Without the from _ _future_ _ statement, if there’s a string module in the package, it will be imported instead. To get the same behavior when the future absolute import change is enabled, run a statement of the following form (which also works in Python today) to force a relative import:


from . import string                      # Searches this package first

Note that leading dots can only be used with the from statement, not the import statement. The import modname statement form still performs relative imports today, but these will become absolute in Python 2.7.
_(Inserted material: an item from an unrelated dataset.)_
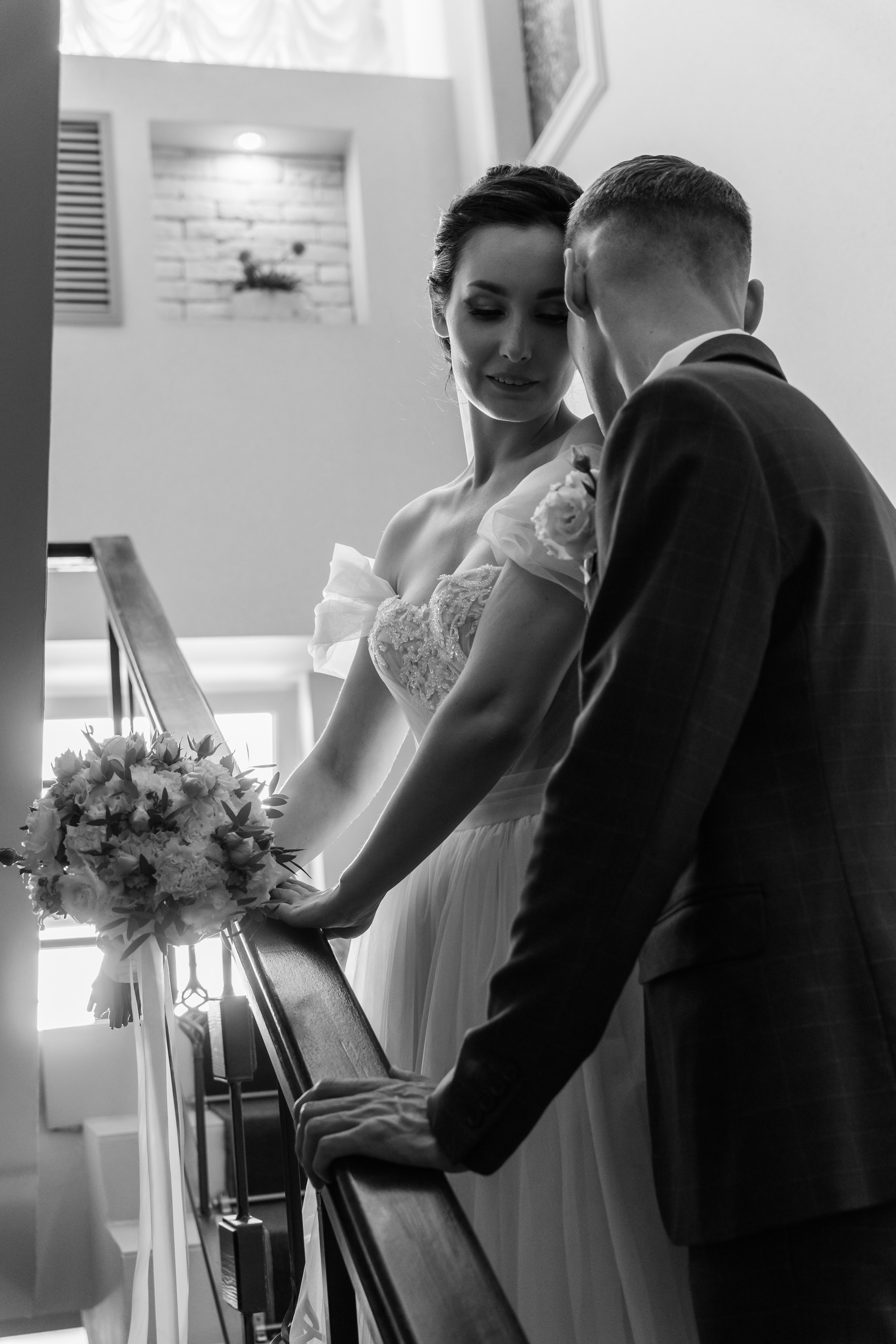 Р+А 🤍. Свадебный и семейный фотограф Волгоград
Other dot-based relative reference patterns are possible, too. Given a package named mypkg, the following alternative import forms used by code within the package work as described:


from .string import name1, name2             # Imports names from mypkg.string
from . import string                        # Imports mypkg.string
from .. import string                         # Imports string from parent directory

To understand these latter forms better, we need to understand the rationale behind this change.

Why Relative Imports?

This feature is designed to allow scripts to resolve ambiguities that can arise when a same-named file appears in multiple places on the module search path. Consider the following package directory:


mypkg
    _ _init_ _.py
    main.py
    string.py

This defines a package named mypkg containing modules named mypkg.main and mypkg.string. Now, suppose that the main module tries to import a module named string. In Python 2.4 and earlier, Python will first look in the mypkg directory to perform a relative import. It will find and import the string.py file located there, assigning it to the name string in the mypkg.main module’s namespace.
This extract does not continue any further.